May 22, 2026
Published6 min readTrust is the next decade's problem
Intelligence is rapidly becoming abundant. Trust is becoming scarce. The interesting products of the next ten years won't be about generating better output. They'll be about figuring out which output to rely on.
- trust
- provenance
- ai-infrastructure
- product
I think trust is the problem of the next decade.
Not AI. Not agents. Not models. Trust.
Because intelligence is rapidly becoming abundant, and trust is becoming scarce.
Twenty years ago, information was scarce. Google won because it helped people find it. Today information is effectively infinite, and the question became: which information can I trust?
AI accelerates that question dramatically.
Signal is already collapsing in three places
Code. Before AI, the answer to “who wrote this?” was a name. John on the platform team. Today the honest answer is some mixture of John, Claude, Copilot, Cursor, a contractor, three interns, and nobody quite remembers. Attribution is becoming a fog.
Documents. Before AI you could assume the author understood what they wrote. Today a document could be human-written, AI-generated, AI-edited, AI-summarized, AI-translated, or AI-stitched together from five other documents. Authorship as a guarantor of meaning is dissolving.
Recruiting. Resume inflation existed. Now AI writes the resume, the cover letter, the LinkedIn posts, the portfolio, and the take-home assignment. Every candidate looks amazing. The signal collapses entirely.
What knowledge work used to lean on
Companies trusted credentials, resumes, references, and brand. All four are weakening.
A credential certifies attendance, not capability. A resume narrates whatever the writer (or their AI) wants narrated. References are increasingly LLM-summarized themselves. Brand still matters, but it concentrates power in fewer institutions and tells you less and less about the individual contribution underneath.
The question stops being “is this person impressive?” and becomes “how do I know this person, system, or agent is reliable?”
That's a different question. Nobody has a good answer for it yet.
Provenance is more interesting than “memory”
This is the deeper idea underneath what I'm building inside Relay. The shorthand for that work is usually “agent memory,” but memory is the smaller version. The actual idea is whether we can preserve provenance for AI-assisted work. Not just what happened, but:
- why it happened
- who (or what) decided it
- what evidence existed at decision time
- what alternatives were considered
- what changed afterward, and whether the original decision still holds
That's trust infrastructure. It looks unglamorous next to “we generated 10x more code.” It is also probably the thing the next decade ends up valuing most.
Three layers, only one of which is mostly solved
Identity. Who are you? LinkedIn handles it imperfectly for people. OAuth and SSO handle it for systems. Mostly solved.
Capability. What can you do? Resumes try, portfolios try, benchmarks try. Most of the attempts are noisy and getting noisier.
Trust. Can I rely on your work? Mostly unsolved. This is the layer everything actually depends on, and it has the worst tooling.
More intelligence can reduce trust
This is the part most AI-product roadmaps haven't internalized.
Imagine a future agent that writes code, legal documents, and financial models better than the best humans. The hard question isn't “can it generate the output?” That question is already being answered. The hard question is “why should I trust the output?”
Generation is being solved. Verification isn't. Every additional unit of intelligence makes the verification problem harder, not easier, because more plausible output means more output that has to be checked.
The accidental commodity
A lot of AI startups are quietly competing in what's becoming a commodity layer. Better generation, better prompting, better workflows. The long-term value probably lives somewhere else: provenance, verification, auditability, reputation, trust networks.
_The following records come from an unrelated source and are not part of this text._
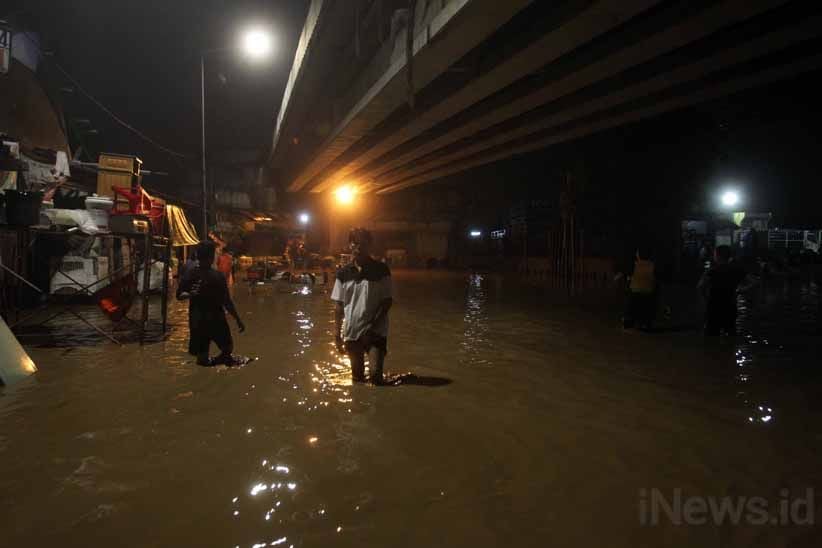 Kebon Pala Masih Terendam 3 Meter, Warga Bertahan di Lantai 2 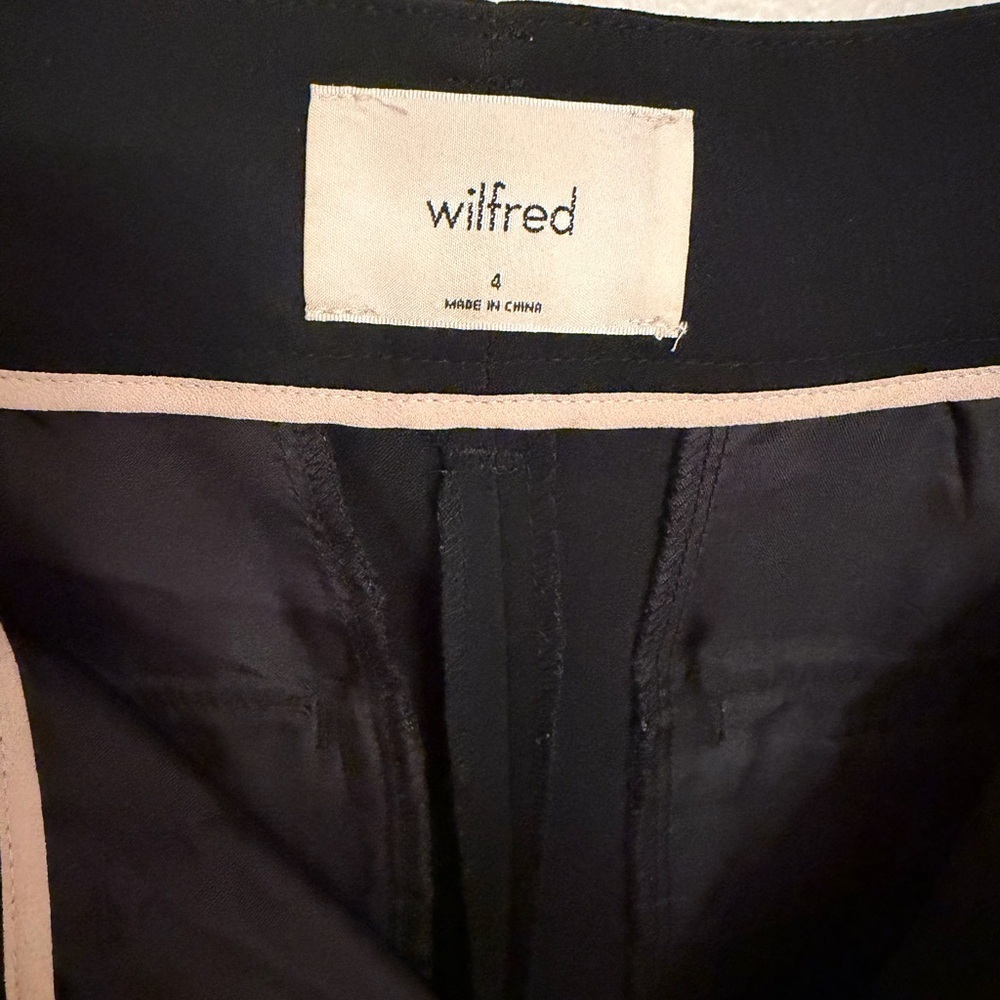Aritzia Wilfred Straight Cropped Black Slacks with Side Stripes - Picture 4 of 7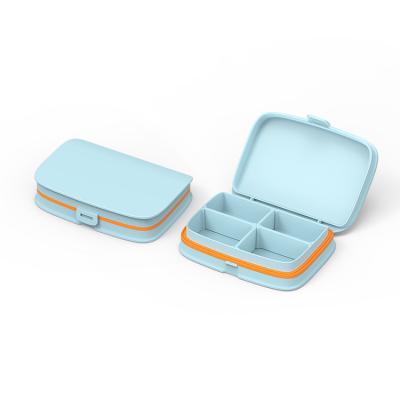 China Custom Portable Eco-Friendly Plastic Pill Box Large Capacity Pill Storage Box Weekly Case 9*7*2cm for sale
The internet solved information discovery. AI is solving information generation. The next wave is about information trustworthiness — and more broadly, decision trustworthiness, which applies equally to people, teams, AI agents, software systems, and organizations.
Trust can't be declared
You can't launch “we are the trust platform.” Trust emerges from repeated, verifiable interactions over time. That's why the durable trust signals on the internet look the way they do:
- credit scores
- GitHub contribution history
- Stack Overflow reputation
- package ecosystem maintainer histories
- academic citations
None of them measure claims. All of them measure accumulated evidence.
That's the distinction, and it's the one I find myself coming back to most often when building anything in the AI era. The interesting product surfaces are the ones that capture provenance as a side effect of the work actually happening — not the ones that ask users to assert it after the fact.
The generation problem is being solved. The verification problem is open. I'd build on the open one.